City councilmembers are pushing back against the effort to rip up parts of Coney Island’s Reigelmann Boardwalk and replace the wood planks with recycled materials and concrete.
All but one of the council’s 50 active members have signed on to support a resolution introduced by councilmen Mark Treyger and Chaim Deutsch requesting the boardwalk be designated a scenic landmark.
“The Boardwalk is one of our community’s most precious assets,” Treyger said in a press release sent by his office. “This beloved local treasure deserves official status so that its defining structural and aesthetic characteristics are preserved and protected.”
The resolution would not grant landmark status to the iconic 93-year-old structure. Instead, it calls on Landmarks Preservation Commission (LPC) to provide the designation, which would recognize the boardwalk as one of the city’s historic locations and prevent future changes from being done without a public review.
“The Landmarks Preservation Commission needs to recognize the cultural significance of the boardwalk and preserve its character for future generations,” said Deutsch.
Several community leaders and advocates have also argued the wooden planks provide greater protection against storms surges than the new materials. Concrete does not flood waters to drain and increases the risk of beach erosion and flooding during storms, they say. So far the city, has rebuffed requests for a study to look into the advantages of wood versus other materials.

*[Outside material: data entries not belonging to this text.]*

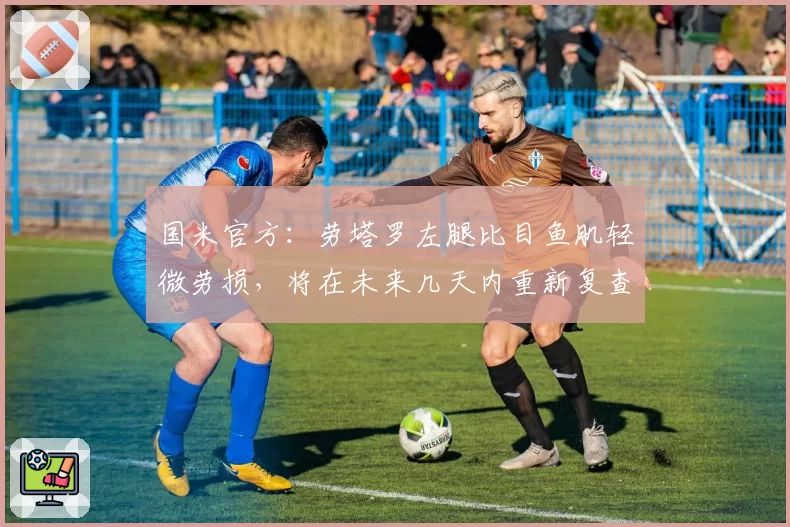 国米官方：劳塔罗左腿比目鱼肌轻微劳损，将在未来几天内重新复查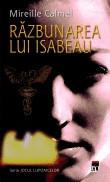 Mireille Calmel -  Razbunarea lui Isabeau ( jocul lupoaicelor , vol. 2 )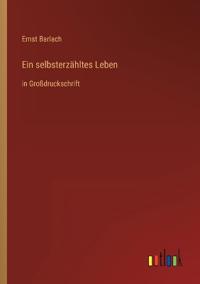 Ein selbsterzähltes Leben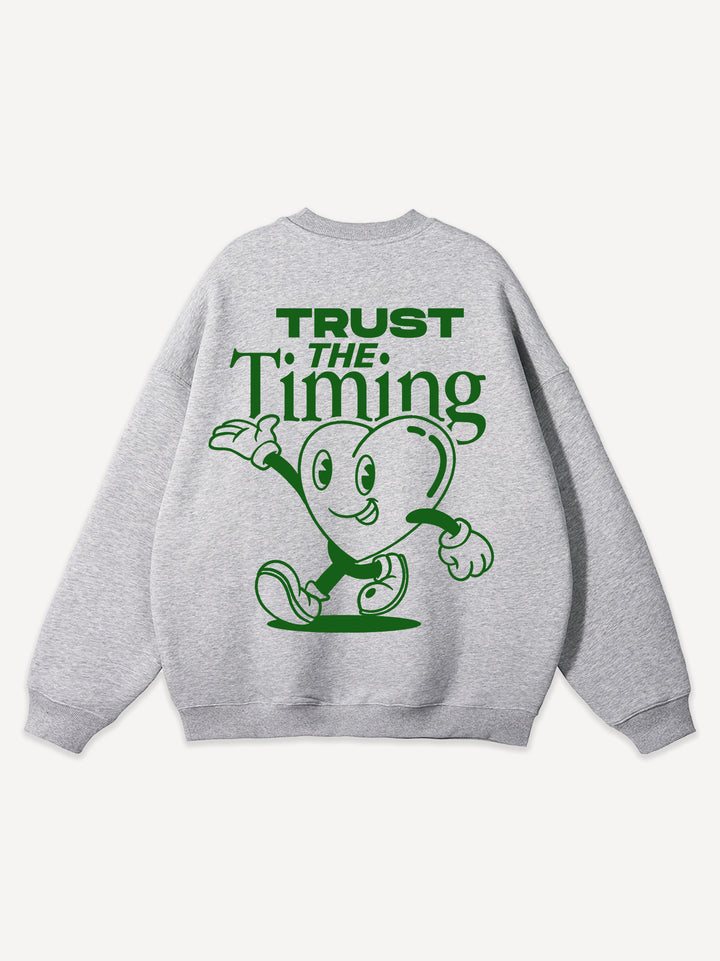 Trust The Timing Sweatshirt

“The Riegelmann Boardwalk is Southern Brooklyn’s first line of defense against floodwaters, and keeping it as a wooden structure is important for our resiliency. Our wooden boardwalk has survived many storms, including Hurricane Sandy, with minimal or no damage,” said Deutsch.
Public Advocate Letitia James has also thrown her support behind the resolution, as have Comptroller Scott Stringer, Borough President Eric Adams, Congressman Hakeem Jeffries and several state legislators.
“Those classic wooden planks have witnessed New York legends ranging from Fiorello La Guardia and John Lindsay to David Dinkins – as well as millions from around the world who came to visit the greatest city in the world,” said Jeffries. “Replacing them now would be akin to knocking down the Empire State or Chrysler Building.”
The LPC has already rejected previous requests by Treyger requests to landmark the boardwalk. The commission has argued the structure has been altered too much since its construction to be designated a landmark. However, advocates argue that without the designation, the boardwalk is in danger of losing its character and charm.
Brooklyn already has three scenic landmarks: Prospect Park, Eastern Parkway and Ocean Parkway, the Daily News reports.
“Coney Island’s historic Boardwalk is endangered, and if nothing is done, it will soon be transformed into an ugly concrete sidewalk,” said Charles Denson, director of the Coney Island History Project. “The Boardwalk needs recognition, care, and respect in order to preserve and protect it.”